Provide again, from the entries below, every line from the one containing "Volvo XC40 B4 2.0L 197+14 HP AT7 FWD 2025" through the one containing "Siyah ahşap zemin", exactly as written, and no other line.

◆ Entries provided ◆
------------------------------------

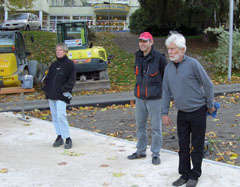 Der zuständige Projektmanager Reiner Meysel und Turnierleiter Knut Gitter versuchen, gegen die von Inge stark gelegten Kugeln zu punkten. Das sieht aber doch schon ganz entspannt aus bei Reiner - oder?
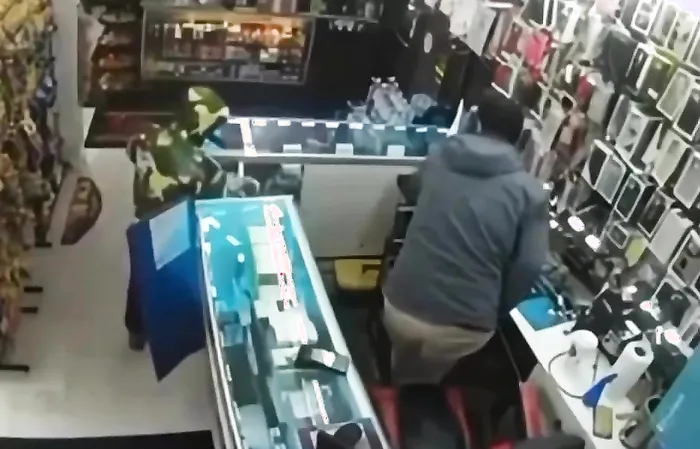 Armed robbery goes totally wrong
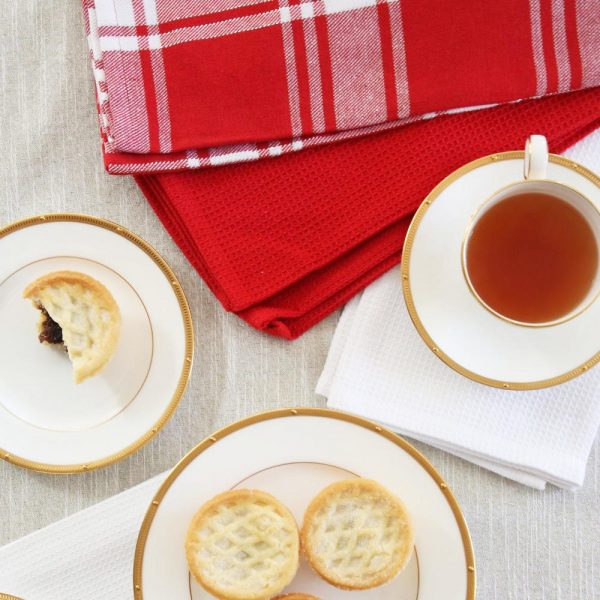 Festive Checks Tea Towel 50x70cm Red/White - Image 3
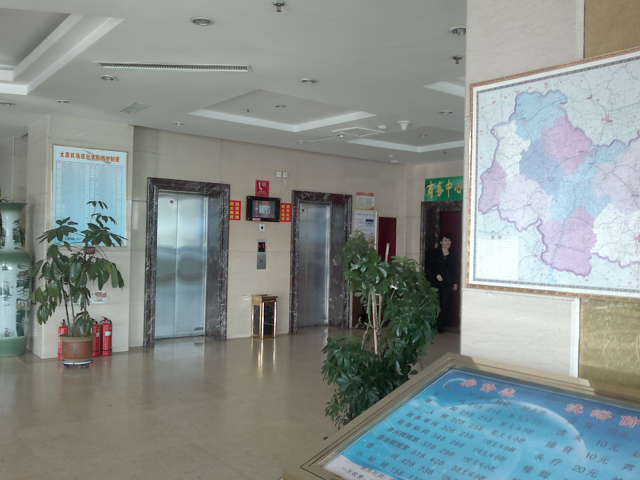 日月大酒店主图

------------------------------------

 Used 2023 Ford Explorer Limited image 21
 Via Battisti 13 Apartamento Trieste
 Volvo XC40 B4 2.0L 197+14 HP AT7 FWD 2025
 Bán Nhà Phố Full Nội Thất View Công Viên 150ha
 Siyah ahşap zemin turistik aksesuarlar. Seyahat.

------------------------------------

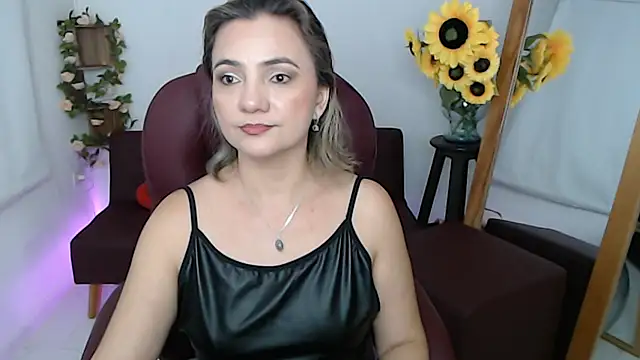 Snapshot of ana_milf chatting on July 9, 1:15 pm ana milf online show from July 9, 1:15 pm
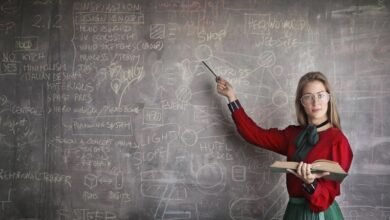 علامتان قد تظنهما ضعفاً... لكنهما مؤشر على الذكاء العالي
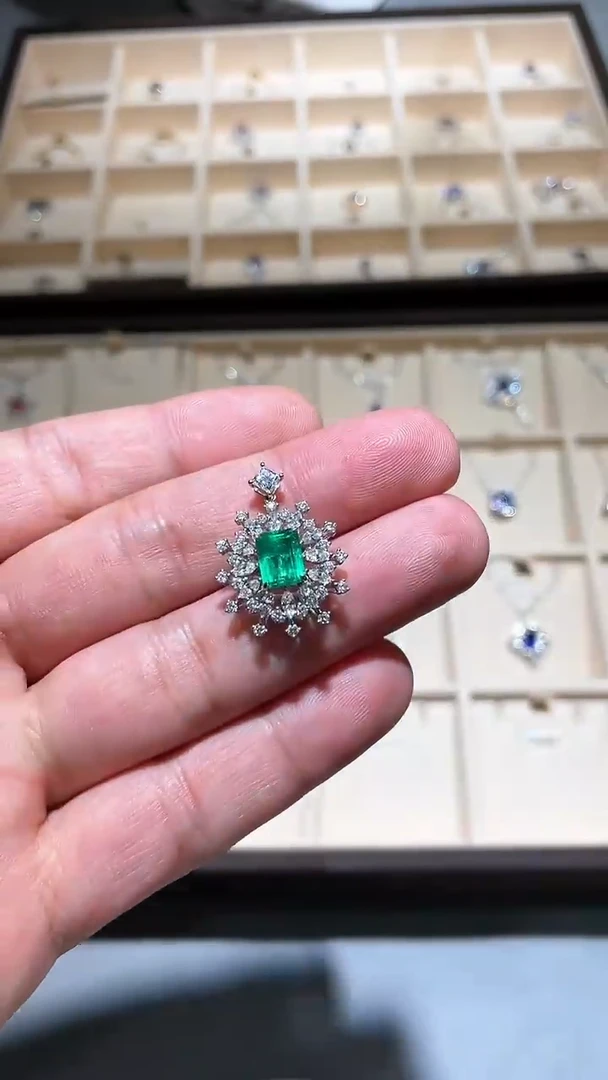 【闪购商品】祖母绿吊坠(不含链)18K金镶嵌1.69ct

------------------------------------

◆ Response area ◆
 Volvo XC40 B4 2.0L 197+14 HP AT7 FWD 2025
 Bán Nhà Phố Full Nội Thất View Công Viên 150ha
 Siyah ahşap zemin turistik aksesuarlar. Seyahat.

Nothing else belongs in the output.